|Music and dance is at the core of African culture and Africa's children
throughout the Diaspora continue to lay claim to its rich legacy. No where is
Africa's enduring inspiration more evident than in the annual tour de force
DanceAfrica DC. Now in its 14th year, this celebration of rhythm and culture
has become one of the area's most anticipated communal rituals.
Where else is the African tradition in dance more synergistically linked with
the contemporary offerings it has inspired than at DanceAfrica. Over the
years we have swayed to the rhythmic linkage that flows from traditional
African dance forms from Benin, Ghana, Mali, Senegal and other African
cultures, through to such contemporary fare as step, hip hop and hand dance.
The 2001 them and lineup of performers are proof positive of the expansive
vision in dance.

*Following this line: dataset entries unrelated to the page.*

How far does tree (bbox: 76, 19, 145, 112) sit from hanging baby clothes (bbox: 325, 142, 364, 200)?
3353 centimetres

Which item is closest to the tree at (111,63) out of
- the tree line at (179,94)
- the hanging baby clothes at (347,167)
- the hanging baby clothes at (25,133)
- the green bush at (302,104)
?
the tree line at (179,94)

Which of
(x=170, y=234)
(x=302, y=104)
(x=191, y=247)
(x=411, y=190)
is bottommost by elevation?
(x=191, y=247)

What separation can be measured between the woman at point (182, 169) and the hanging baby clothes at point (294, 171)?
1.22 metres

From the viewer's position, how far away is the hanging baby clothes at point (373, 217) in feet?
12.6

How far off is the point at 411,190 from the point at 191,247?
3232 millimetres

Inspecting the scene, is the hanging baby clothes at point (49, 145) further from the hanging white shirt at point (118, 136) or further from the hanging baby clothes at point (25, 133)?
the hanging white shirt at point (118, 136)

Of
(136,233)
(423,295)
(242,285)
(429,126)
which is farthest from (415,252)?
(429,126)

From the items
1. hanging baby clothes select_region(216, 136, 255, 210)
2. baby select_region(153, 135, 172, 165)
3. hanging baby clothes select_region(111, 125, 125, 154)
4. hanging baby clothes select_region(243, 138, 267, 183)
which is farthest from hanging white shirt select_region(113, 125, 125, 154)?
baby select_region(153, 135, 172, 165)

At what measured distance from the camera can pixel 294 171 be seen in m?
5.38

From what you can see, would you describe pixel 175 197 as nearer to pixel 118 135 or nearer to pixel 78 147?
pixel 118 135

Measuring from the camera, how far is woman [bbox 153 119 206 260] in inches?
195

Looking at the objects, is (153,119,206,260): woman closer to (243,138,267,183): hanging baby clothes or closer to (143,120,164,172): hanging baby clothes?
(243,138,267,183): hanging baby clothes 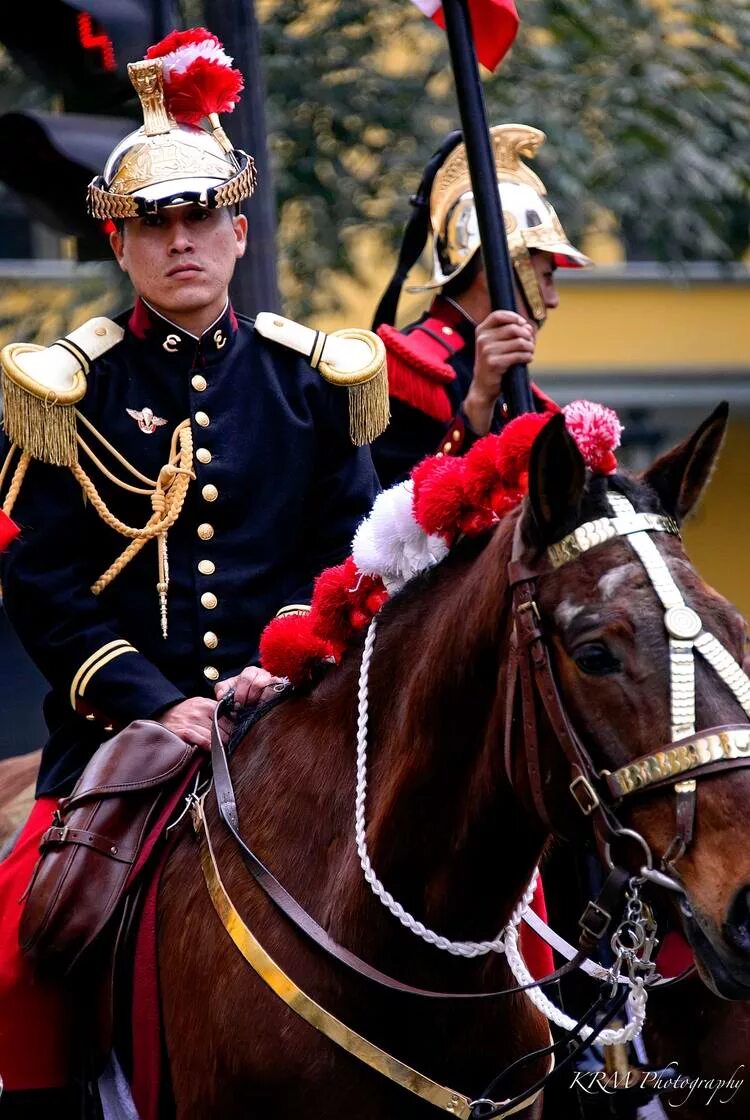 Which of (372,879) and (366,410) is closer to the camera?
(372,879)

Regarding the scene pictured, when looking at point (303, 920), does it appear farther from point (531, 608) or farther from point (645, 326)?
point (645, 326)

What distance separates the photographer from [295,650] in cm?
373

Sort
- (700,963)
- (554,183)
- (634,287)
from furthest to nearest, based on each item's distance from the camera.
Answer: (634,287) < (554,183) < (700,963)

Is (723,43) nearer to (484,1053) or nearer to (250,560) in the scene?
(250,560)

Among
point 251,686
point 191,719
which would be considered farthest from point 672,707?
point 191,719

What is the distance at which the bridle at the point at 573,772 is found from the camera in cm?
287

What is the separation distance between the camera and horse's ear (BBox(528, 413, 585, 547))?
304 cm

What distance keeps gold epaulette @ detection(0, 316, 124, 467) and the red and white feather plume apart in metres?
0.63

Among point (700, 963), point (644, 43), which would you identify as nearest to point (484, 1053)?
point (700, 963)

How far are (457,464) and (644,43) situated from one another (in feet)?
22.7

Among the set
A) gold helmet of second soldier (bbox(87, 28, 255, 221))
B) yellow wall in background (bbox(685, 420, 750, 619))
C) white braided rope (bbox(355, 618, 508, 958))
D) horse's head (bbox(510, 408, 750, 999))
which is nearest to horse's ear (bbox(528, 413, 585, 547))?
horse's head (bbox(510, 408, 750, 999))

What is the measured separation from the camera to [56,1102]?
13.0ft

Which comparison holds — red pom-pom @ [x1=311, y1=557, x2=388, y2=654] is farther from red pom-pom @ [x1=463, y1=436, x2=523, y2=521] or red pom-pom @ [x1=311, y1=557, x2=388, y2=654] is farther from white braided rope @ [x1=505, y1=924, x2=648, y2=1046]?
white braided rope @ [x1=505, y1=924, x2=648, y2=1046]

This year black women take center stage as the festival pays
special tribute to the beauty, wisdom, strength and contributions of women of
African descent. Participants include: Havana Select, International Capoeira
Angola Foundation, Melvin Deal's African Heritage Dancers and Drummers, Ezibu
Muntu, Sankofa Dance Theater, Coyaba Dance Theater, Tam Tam Mandingue,
KanKouran West African Dance, Images of Cultural Artistry and the Dono Dance
and Drum Ensemble, among others.
Ever present is the creative energy of Chuck Davis, director of the
African-American Dance Ensemble and DanceAfrica's artistic director. We owe
this, the nation's largest annual celebration of African dance and culture,
to his commitment to showcasing the African art form and empowering the
community through the performing arts. In 1977 Davis launched the first
DanceAfrica Festival under the auspices of the Brooklyn Academy of Music
(BAM). Since then the event has grown significantly and is now featured in
seven other cities. In addition to the celebrations in dance held in the
District and Brooklyn, folks are kicking up their heels in Chicago, Hartford,
Miami, Minneapolis and Los Angeles.
DanceAfrica DC is more than a feast for the eyes. Over six days there are
three types of activities planned. For those who would like to strut their
stuff, there are Master Classes scheduled (June 4-6 & 9-10) at Dance Place,
one of the area's strongest proponents of diversity in dance forms.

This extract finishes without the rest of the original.